_Assigned task_.
The answer must be the lines from the one that holds "Red mulberry morus rubra fruit" through the final line of the data, copied exactly, with no pictures.

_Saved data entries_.
- - - - -

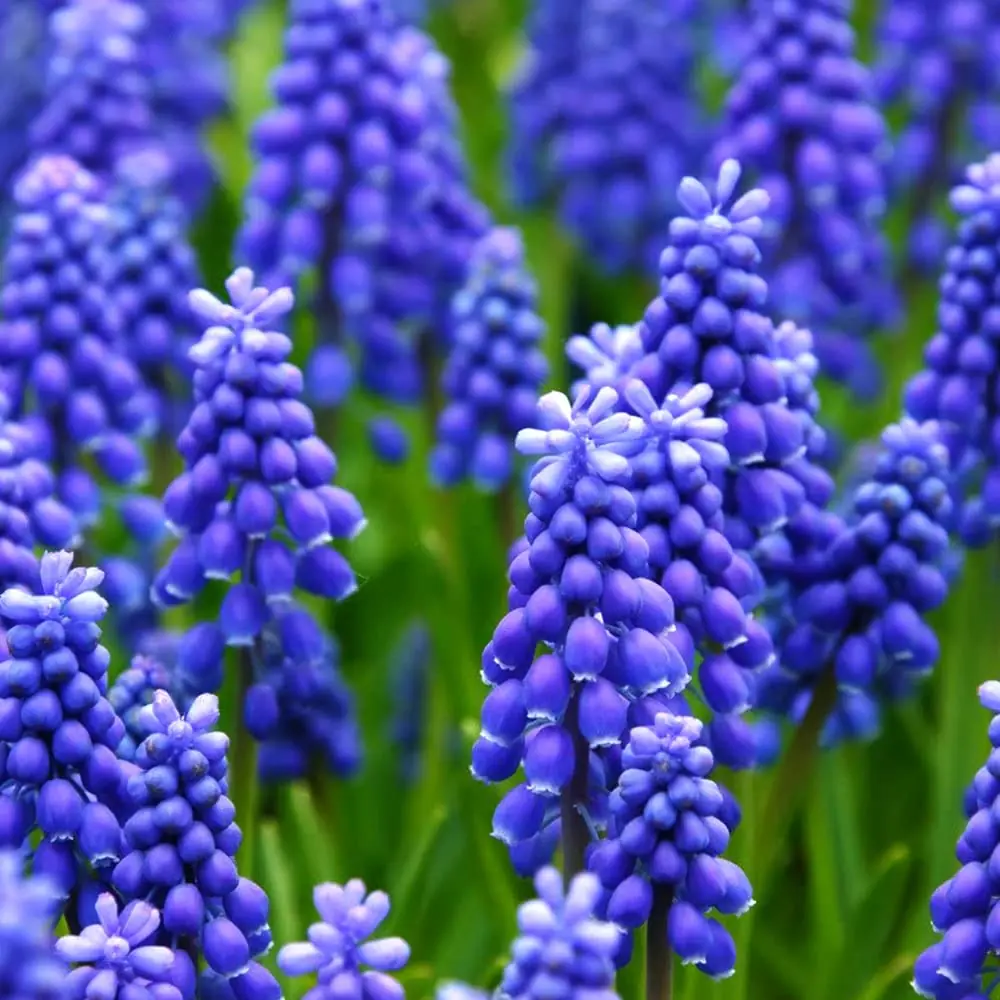 Grape Hyacinth plant photo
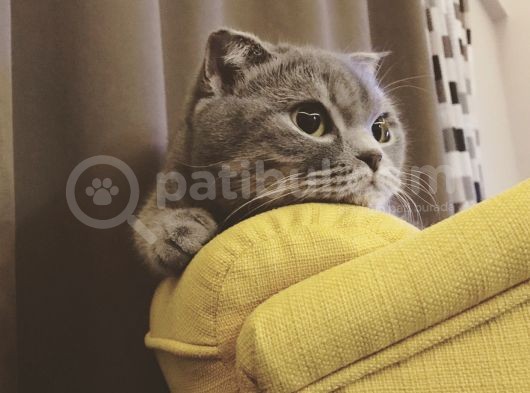 Scottish Fold Whiskas Dişi Kısırlaştırılmış Ücretli görsel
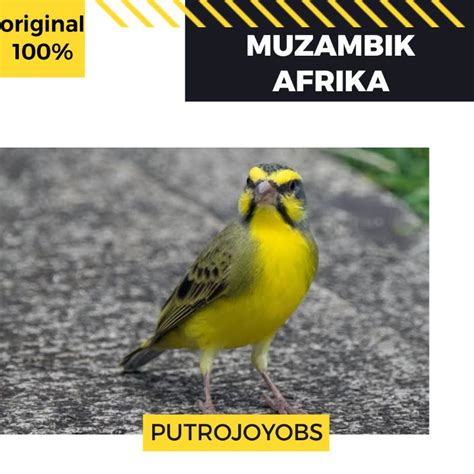 harga burung mozambik jantan
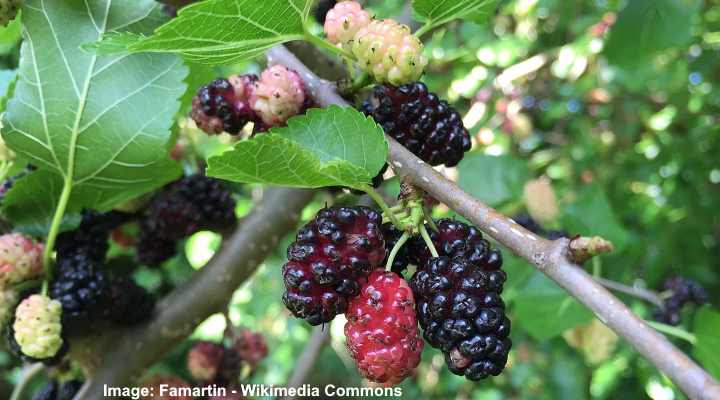 Red mulberry morus rubra fruit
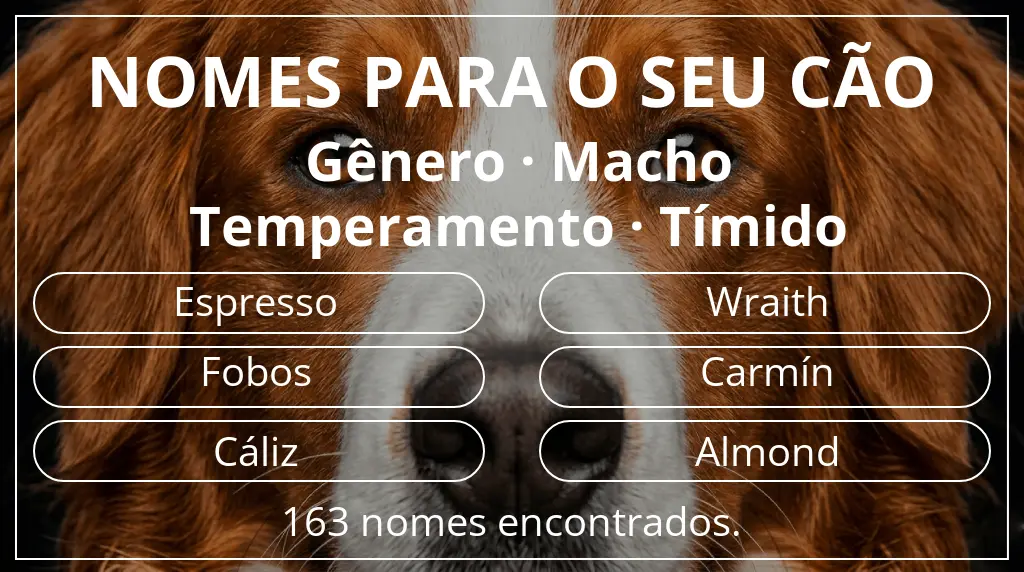 Nomes para cães com inspiração em gênero macho e temperamento tímido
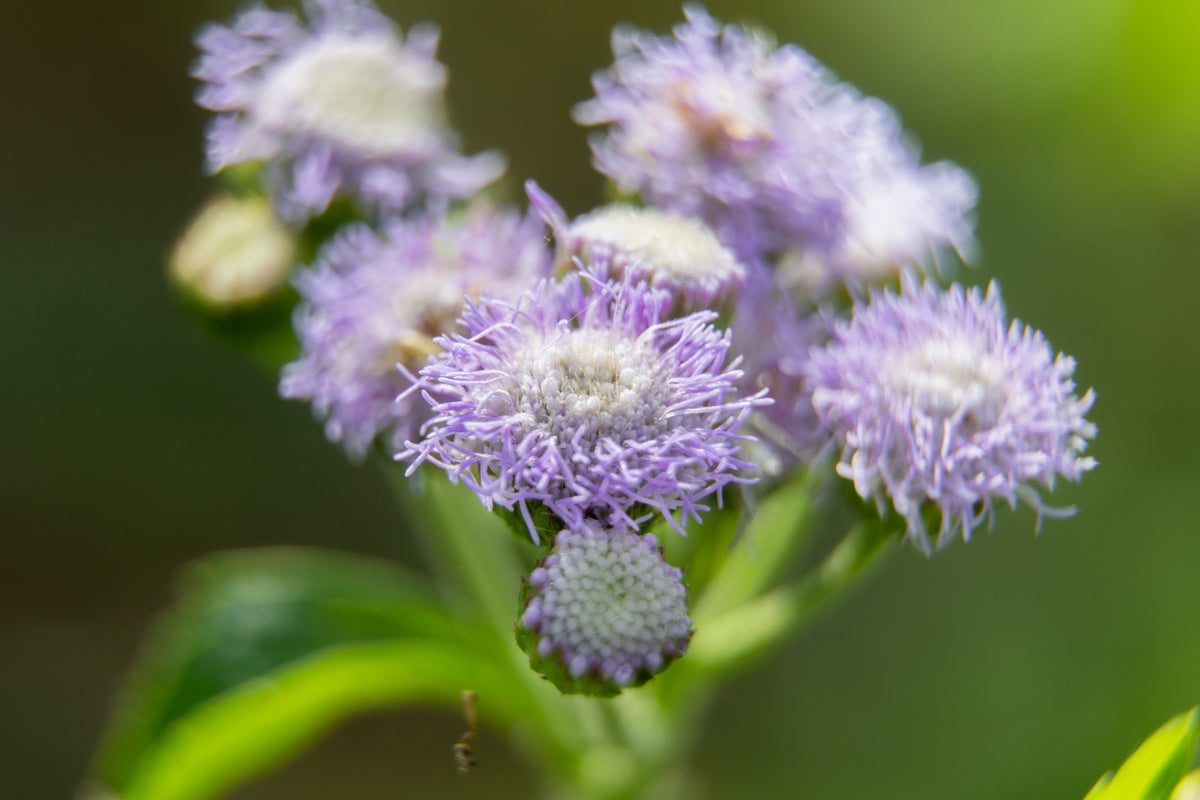 100 PURPLE MISTFLOWER (Hardy or Wild Ageratum) Eupatorium Coelestinum Blue Flower Seeds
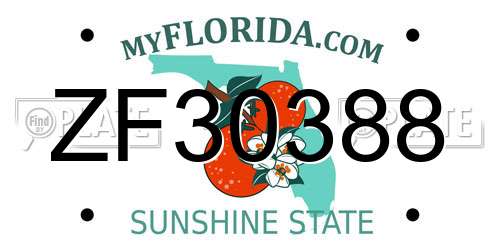 ZF30388 Florida License Plate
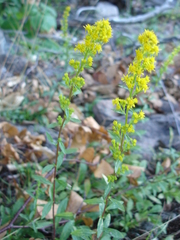 Solidago squarrosa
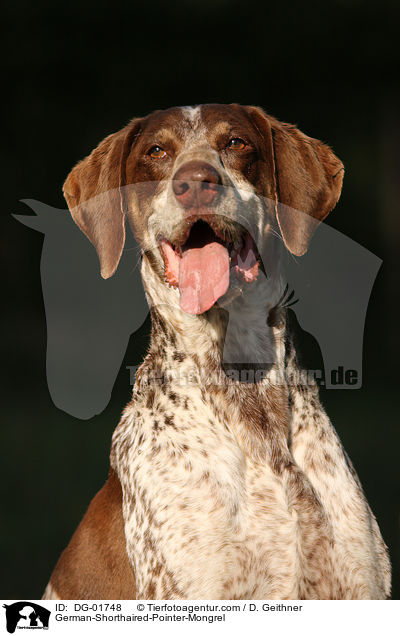 Deutsch-Kurzhaar-Mischling / German-Shorthaired-Pointer-Mongrel / DG-01748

- - - - -

_Finished exercise_.
 Red mulberry morus rubra fruit
 Nomes para cães com inspiração em gênero macho e temperamento tímido
 100 PURPLE MISTFLOWER (Hardy or Wild Ageratum) Eupatorium Coelestinum Blue Flower Seeds
 ZF30388 Florida License Plate
 Solidago squarrosa
 Deutsch-Kurzhaar-Mischling / German-Shorthaired-Pointer-Mongrel / DG-01748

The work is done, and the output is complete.